Don’t Wait: Travel when your kids are young
“Why don’t you wait until they are older, when they’ll remember this?”
“Isn’t it a pain traveling with such young kids?”
“Kids at their age don’t appreciate travel, so why do you spend the money on it?”
As a family of wanderlusters, we hear comments like this a lot from well-meaning friends and family.
We actually caught the travel bug after our first son was born. My husband and I never did the gap year before college thing, nor did we study abroad. We went to school, started working, got married and bought a house, all by the time we were 23 years old. We were good, responsible kids who took their parents advice on how to settle down, and we traveled occasionally for vacation. After our first son was born, our views on everything changed (not shocking to fellow parents, I’m sure). We wanted to show this little, adorable spawn of ours the world, and we wanted to experience it through his eyes. In retrospect, I think this came from our own childhoods of never exploring too far. He went to the Poconos ... I went to the Jersey Shore. Every. Single. Summer. Now, at ages 5 and 7, my boys have been to 16 states and have been out of the country twice. Not exactly world travelers just yet, but it’s a good start.
So, to those asking:
Why don’t we wait until they are older, when they’ll remember more?

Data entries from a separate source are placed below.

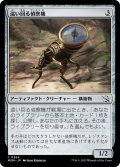 【JPN】這い回る偵察機/Skittering Surveyor[MTG_MOM_0264C]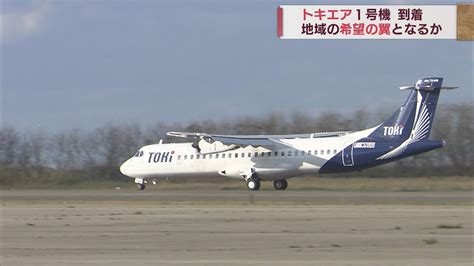 白と紺色のプロペラ機「トキエア」が新潟に！希望の翼となるか スーパーjにいがた11月7日oa Youtube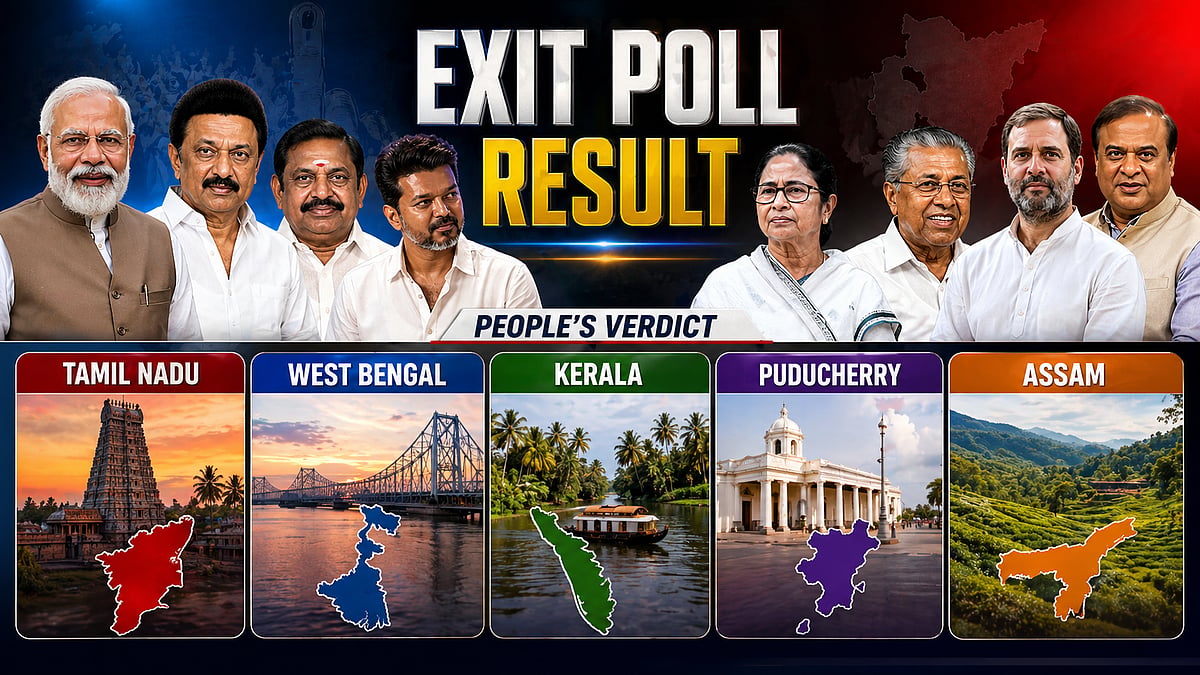 ಸಮೀಕ್ಷೆ ಭವಿಷ್ಯ: ಬಂಗಾಳದಲ್ಲಿ ಜಿದ್ದಾಜಿದ್ದಿ, ತ.ನಾಡು– ಅಸ್ಸಾಂನಲ್ಲಿ ಯಥಾಸ್ಥಿತಿ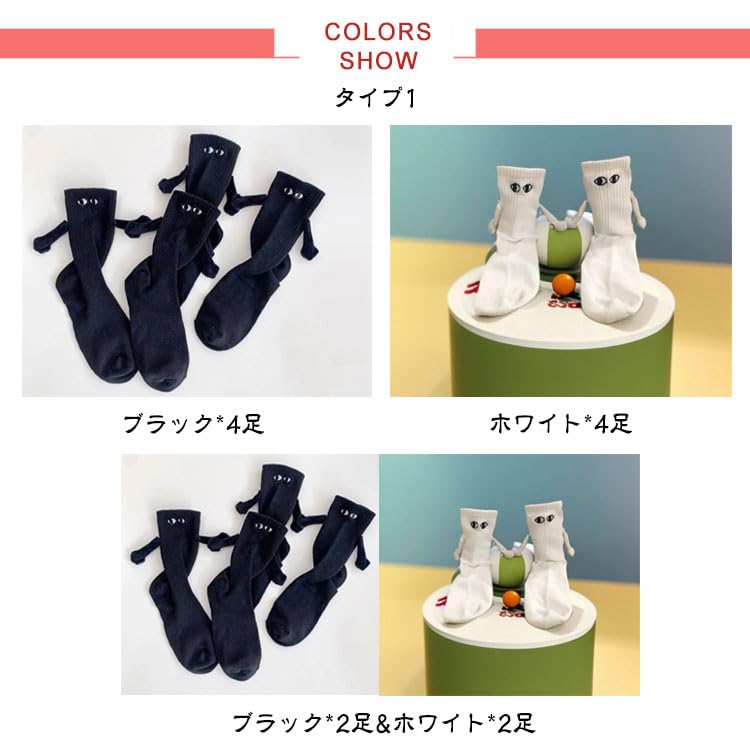 Amazon.co.jp: [XIN YE] 4足セット 靴下 面白い マグネット 手 目 人形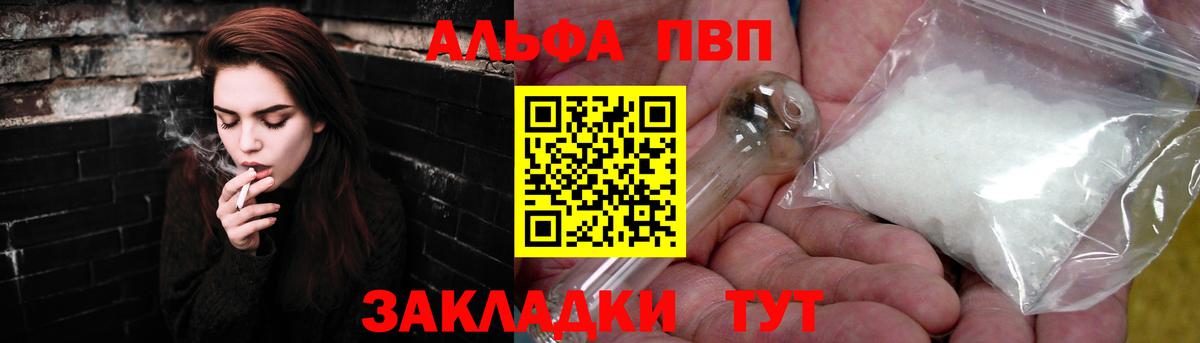 А ПВП крисы CK Аша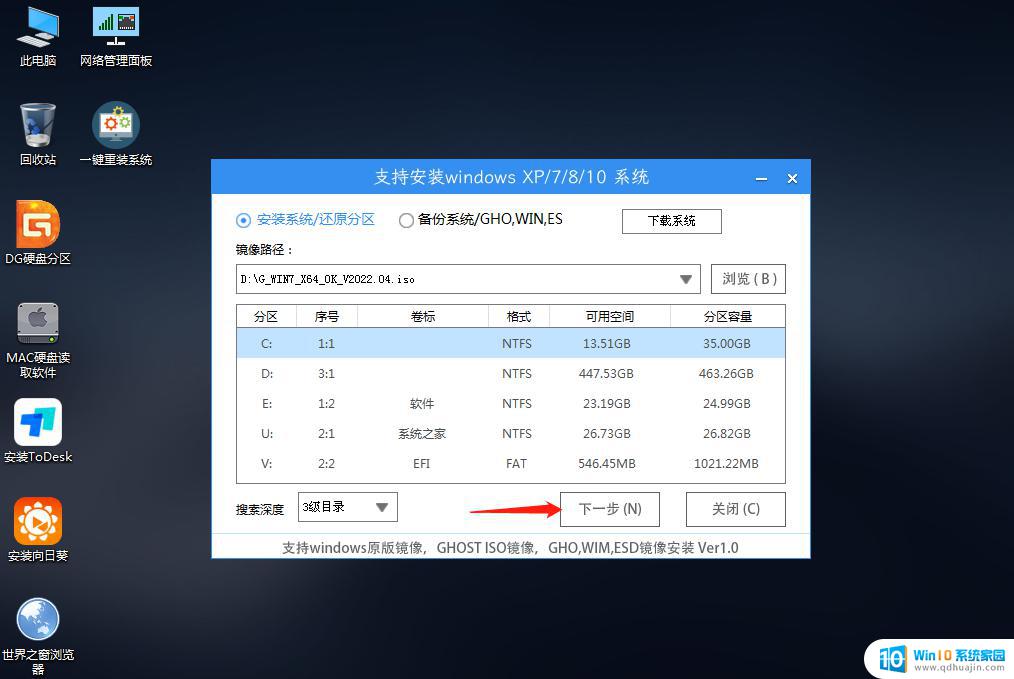 win7系统盘重装 U盘重装Win7系统详细步骤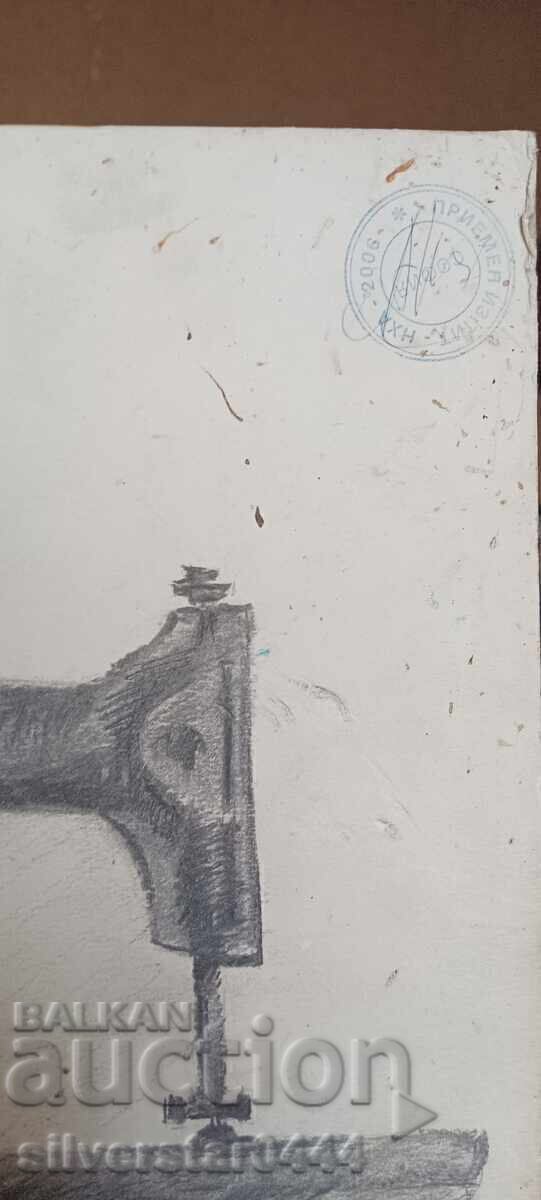 Елена Латева Петкова-Елио "Керамика" 2006 с цена € 100.00 | 195.58 лв. Елена Латева Петкова-Елио "Керамика" 2006 с цена € 100.00 | 195.58 лв.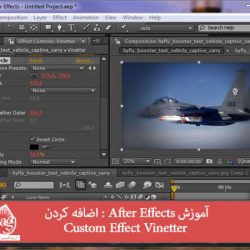 آموزش After Effects : اضافه کردن Custom Effect Vinetter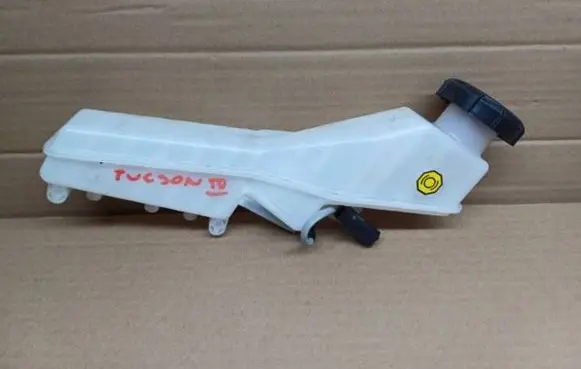 Brake fluid reservoir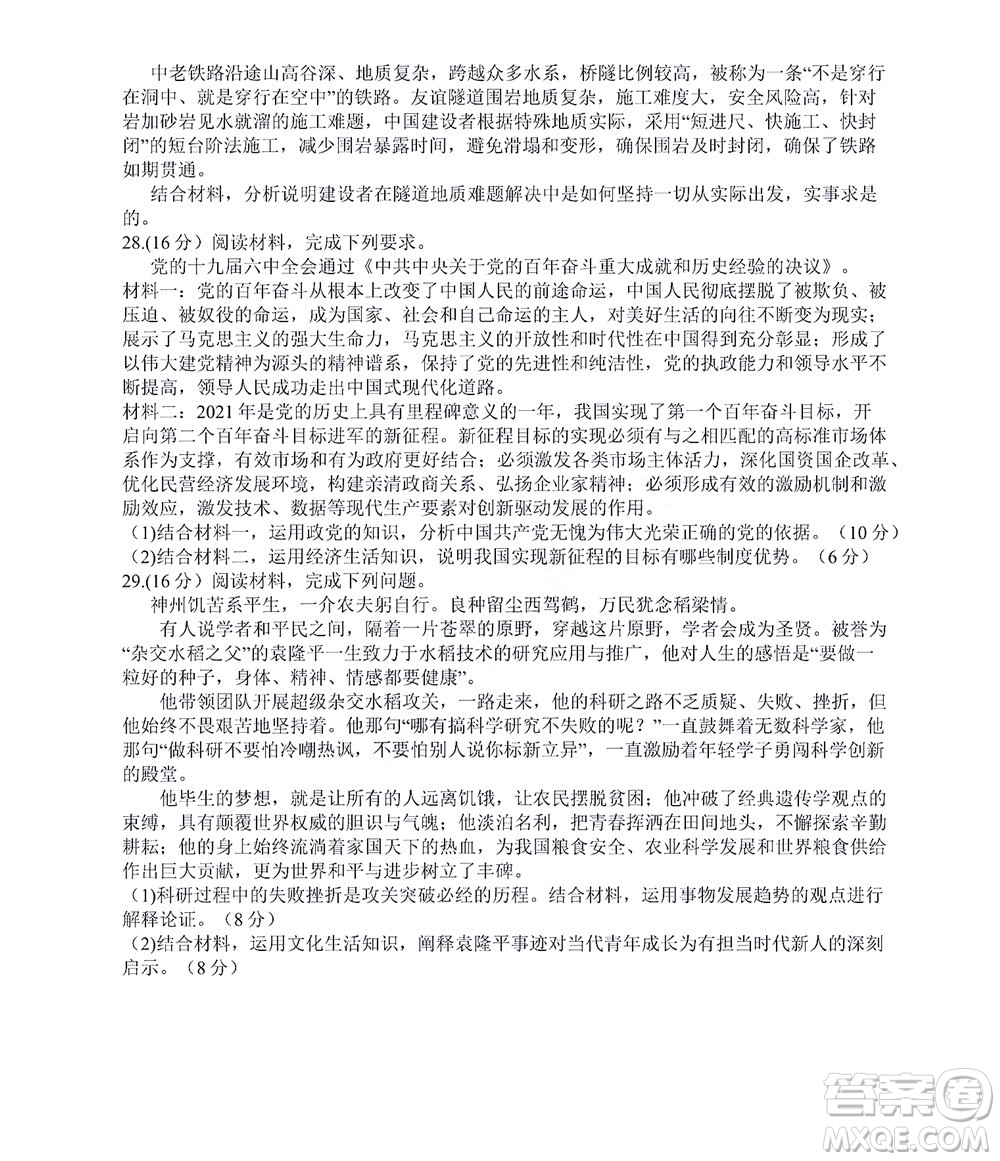 咸陽(yáng)市2022年高考模擬檢測(cè)一政治試題及答案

Travel isn’t all about the memories. That may be an unpopular opinion, but it’s true. Photos and video will serve as awesome memories for each trip we take. The real takeaway of frequent travel with young kids is what is learned on those trips. Being exposed to new cultures, different people and new experiences help to shape who our kids are when we are back home. They appreciate the things we have, and learn to place value on experiences together as opposed to things.
Isn’t it a pain traveling when they are young?
A wise person once said (and that wise person was likely a mother) "Going on a trip with kids is just yelling at them from a different city, and having to pack your entire house to bring with you."
So, in short: yep. It can be a pain. Watching my family lug four carry-on bags (because who wants to pay extra baggage fees), and two giant convertible car seats, while wearing backpacks and trying to not lose our kids through security at JFK airport is a sight to be seen. Enough of a sight to possibly make you want to stay home. You just have to have a "No Pain, No Gain; It’s worth it in the end; Nothing Good Comes easy," cliche kind of attitude about it.
It’s now noticeable that our kids ask for things to do and specific vacation requests for birthday and holiday gifts. They ask to spend birthday money on a weekend getaway instead of a new toy. Traveling helps foster confidence in them and a huge “say yes” attitude. Planning upcoming trips is a family affair, where everyone gets a say on the itinerary. And with every new adventure planned, I feel us growing closer to our boys.
We’re always reminded that childhood goes so damn fast, so why not spend as many moments as you can exploring this earth with the people that mean the most to you? Pack your good camera, save your pennies, always bring an extra change of clothes for the plane (because someone always inevitably pees their pants) and see the world.